● TASK TO COMPLETE
Output the lines of the entries below beginning at the one with "Preview 2 Romania And Russia" and ending with the last, exactly as written and without pictures.
** Opening SOURCE MATERIAL block **
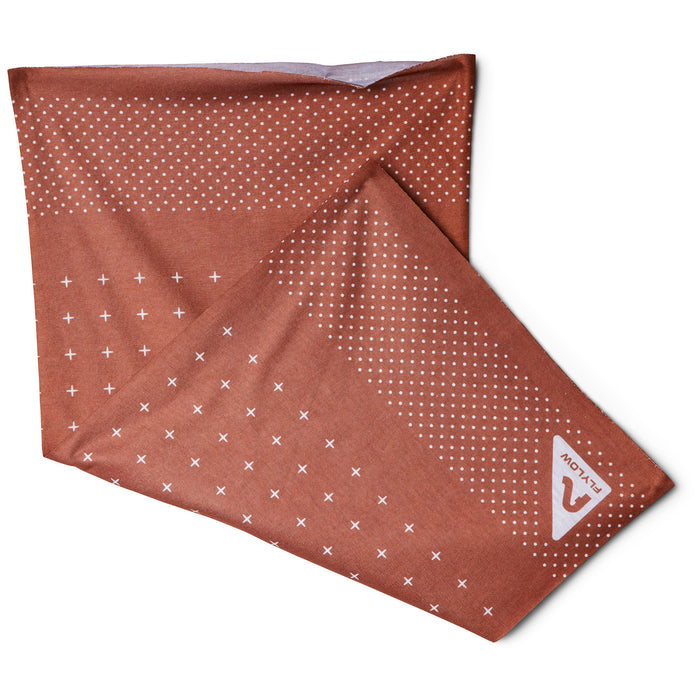 Flylow Gobblette Neck Gaiter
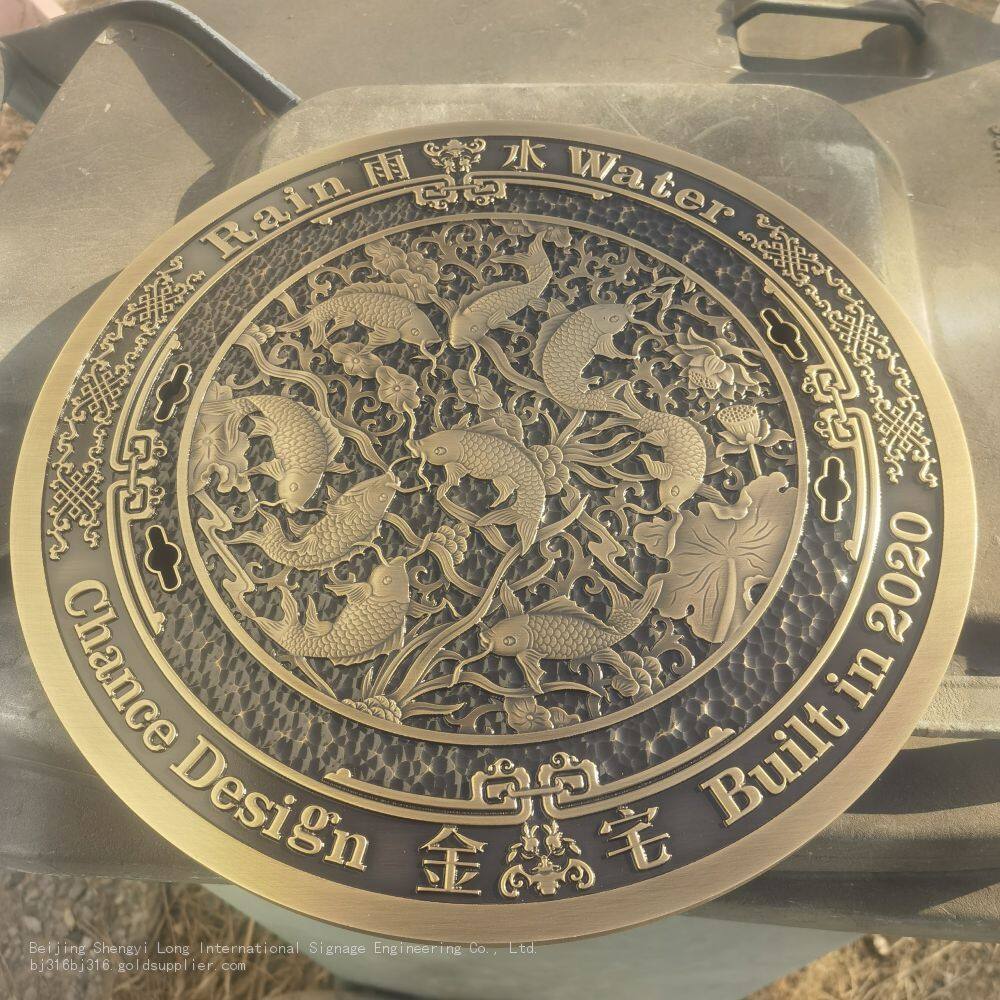 967be02b82ed30a02a8e2bb521c0d23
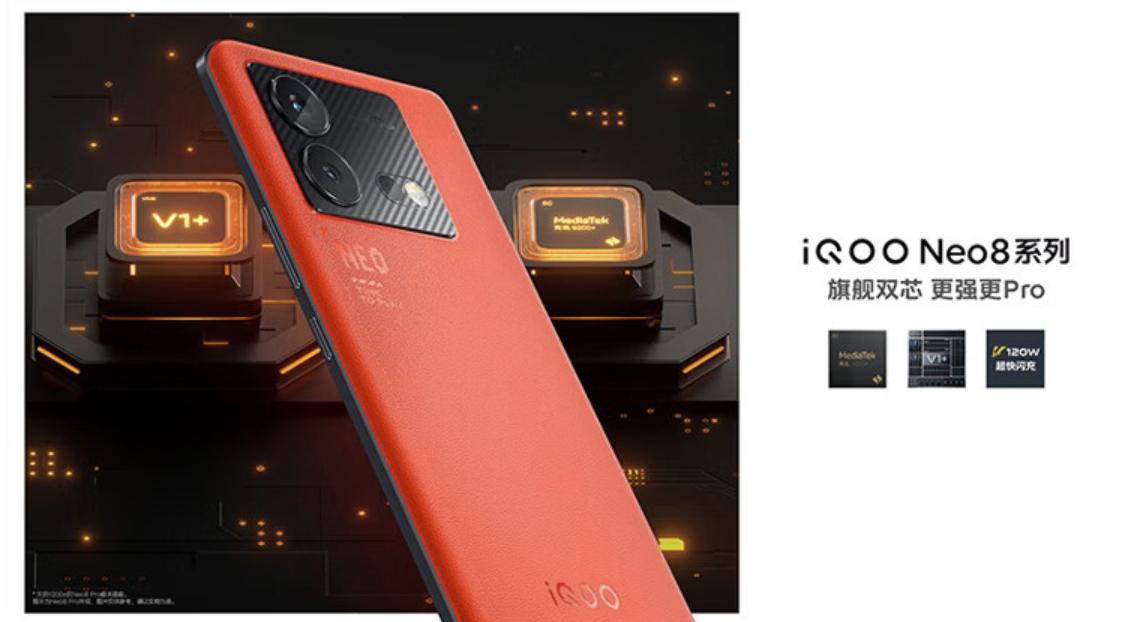 国产手机哪个系列最值得购买,国产手机哪些品牌值得购买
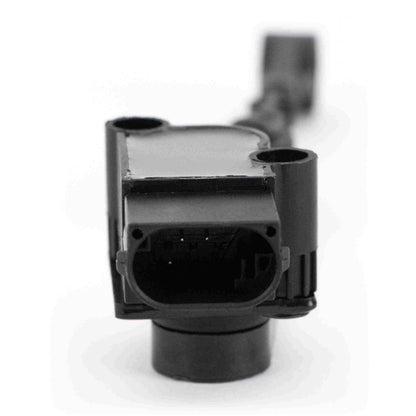 Arnott Industries Suspension Ride Height Sensor RH-3876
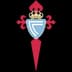 Celta Vigo vs Elche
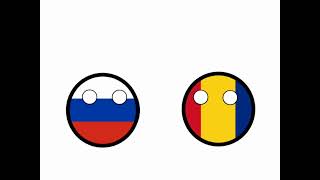 Preview 2 Romania And Russia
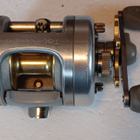 Abu Ambassadeur T 3600 C - pikkukuva 5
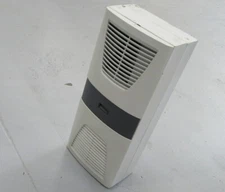 Rittal SK 3305100 Enclosure Cooling Unit SK3305100 w/o Components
** Closing SOURCE MATERIAL block **
● COMPLETED EXERCISE
 Preview 2 Romania And Russia
 Abu Ambassadeur T 3600 C - pikkukuva 5
 Rittal SK 3305100 Enclosure Cooling Unit SK3305100 w/o Components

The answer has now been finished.